Collected by Jane Yolen, This Little Piggy (Candlewick, 2008) is a compendium of action songs and games for the very young, with a bit of background information for each, plus instructions, simple musical arrangements, and an accompanying CD. Included, along with “This Little Piggy,” are “I’m a Little Teapot,” “Goosey, Goosey, Gander,” “Dance for Your Daddy,” and many more. For ages 0-3.

In the spirit of Charles and Ray Eames’s Powers of Ten, Douglas Florian’s A Pig Is Big (Greenwillow, 2000) segues in rhyme from a pig to a city street to a continent to – eventually – the universe (“the biggest thing of all/compared to it, all things seem small”). For ages 4-8.

The title poem in Jack Prelutsky’s It’s Raining Pigs and Noodles (Greenwillow, 2005) features pigs: “It’s raining pigs and noodles/It’s pouring frogs and hats/chrysanthemums and poodles/bananas, brooms, and cats.” For ages 5-10.

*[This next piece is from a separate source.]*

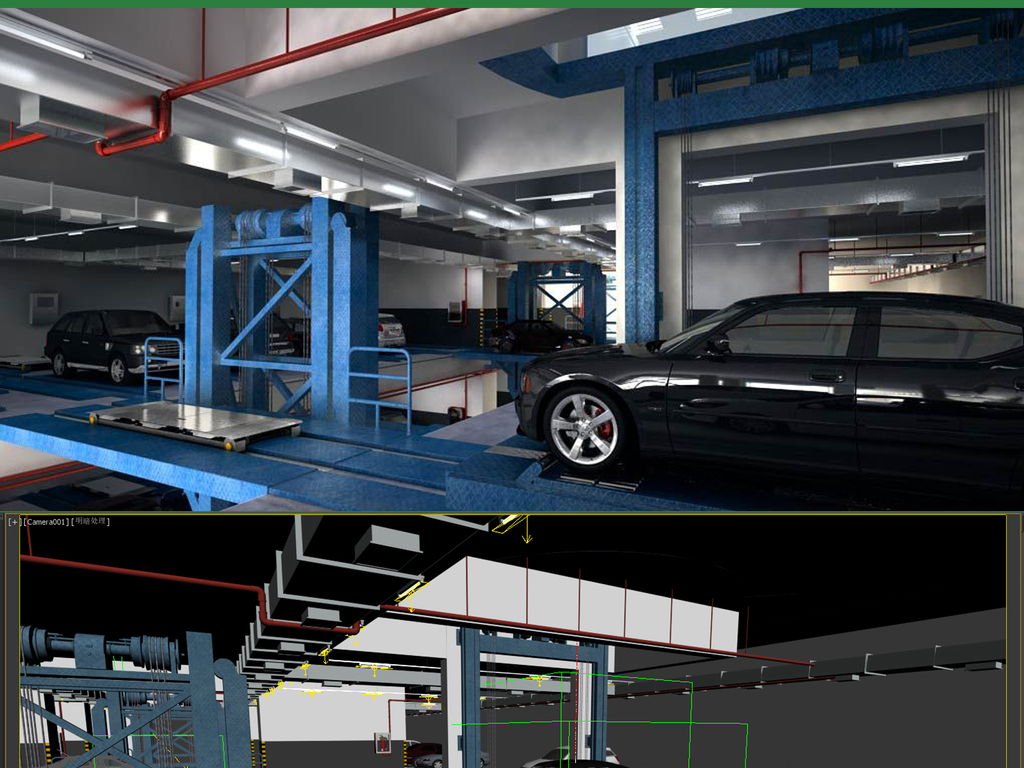 3Dmax下沉式自动停车场地下车库模型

Roald Dahl’s poem The Pig  is found in his poetry collection, Dirty Beasts (Puffin, 2002).
Poets on Pigs is an online collection of pig poems by everyone from Ogden Nash and Mother Goose to Oliver Wendell Holmes, Sara Teasdale, and Noel Coward.

REAL PIGS

Gail Gibbons’s appealingly illustrated Pigs (Holiday House, 2000) is a straightforward overview of real pigs in which readers learn about origin, breeds, behaviors, and uses of pigs, and discover the definitions of such terms as sow, swine, and boar. For ages 4-8.

Jules Older’s Pig (Charlesbridge Publishing, 2004), for the same age group, is filled with catchy trivia – for example, kids find out about pigs worldwide, pet pigs, and pig behaviors, as in why do pigs like to wallow in mud? For ages 4-8.

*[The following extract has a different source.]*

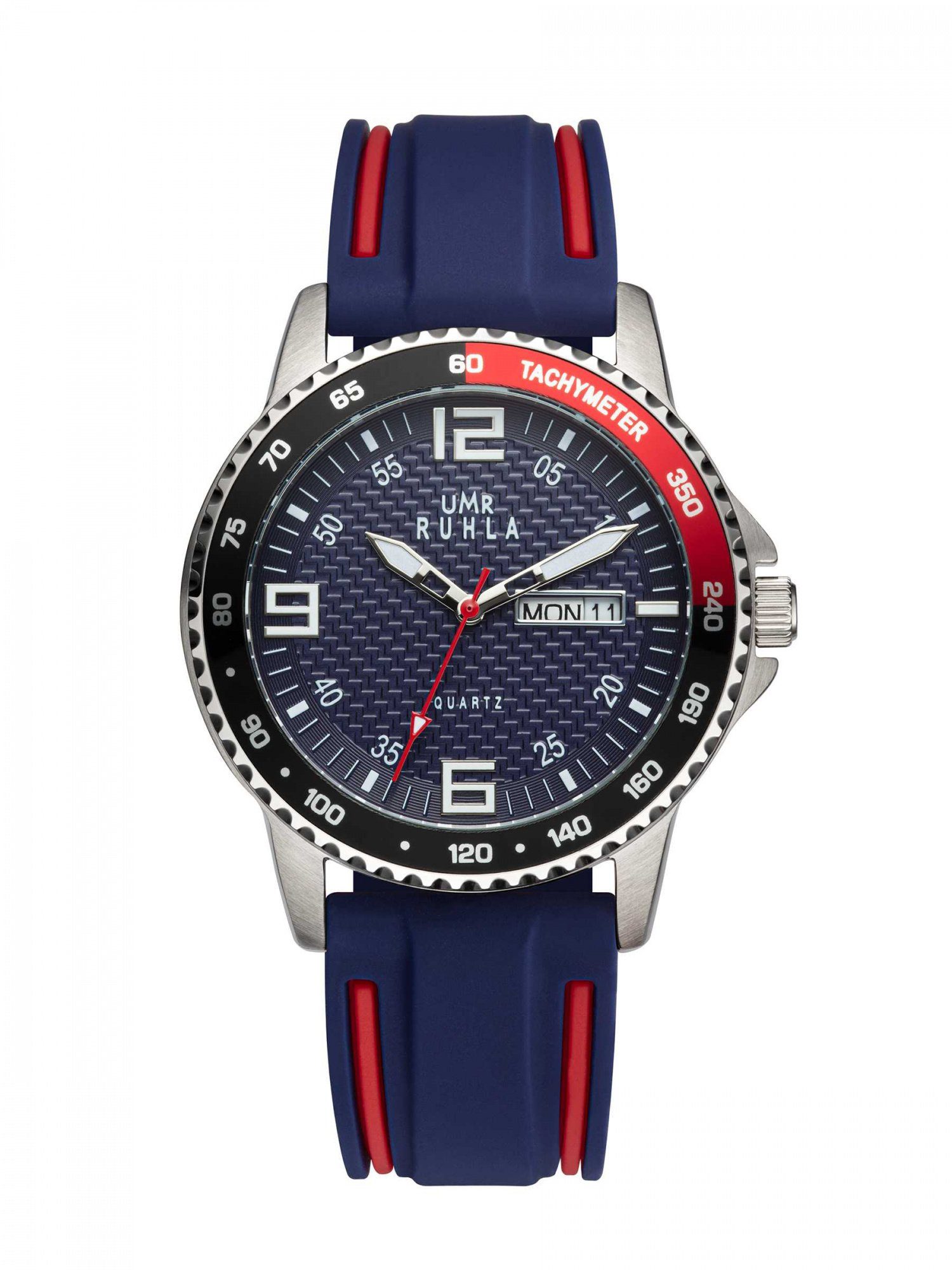 UMR Ruhla Quarzuhr Sport Herrenuhr 39003 blau/rot Silikonband 40 mm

John Pukite’s A Field Guide to Pigs (Falcon, 1999) is a 128-page illustrated guide to domesticated and wild breeds of pigs, filled with unusual pig facts, pig sayings, pig superstitions, accounts of famous pigs, and a timeline of pig history. For teenagers and adults.

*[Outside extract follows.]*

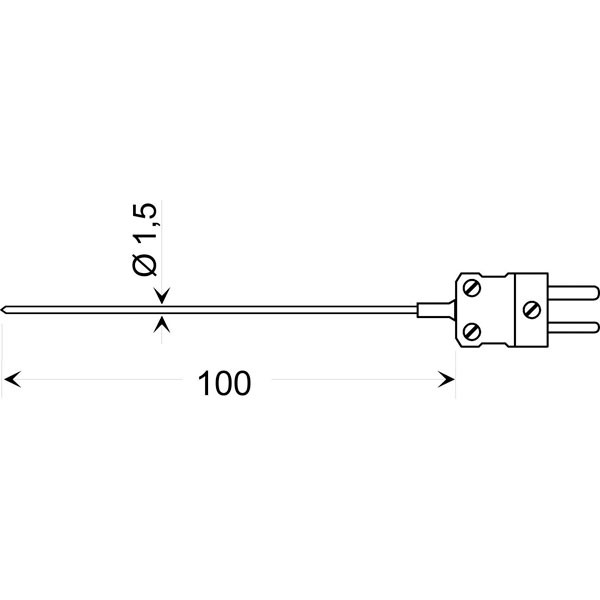 Greisinger GTE 130 OK Type K Penetration Probe Mini Thermocouple Plug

Lyall Watson’s The Whole Hog (Smithsonian Books, 2004) is an entertaining history of pigs (including reminiscences of the author’s pet warthog). Readers learn about pig evolution, anatomy, behavior, intelligence, and a lot of unexpected cool facts. For teenagers and adults.

A war over a pig? E.C. Coleman’s The Pig War (The History Press, 2010) is an account of the “Pig War” (1859-1872) that broke out between the United States and Great Britain when an American living on an island off Washington state shot a British pig. For teenagers and adults.
  From PBS, The Joy of Pigs is a fascinating video survey of ancient pigs, modern pigs, global pigs, pet (Vietnamese pot-bellied) pigs, and some truly bizarre-looking wild pigs. See the website for background information, photos, puzzles, and resource lists.
  Pig Information has brief information on raising pigs (a common 4-H livestock project), breeds of pigs, pig supplies, and an audio clip of pig sounds. (Not exactly oink.)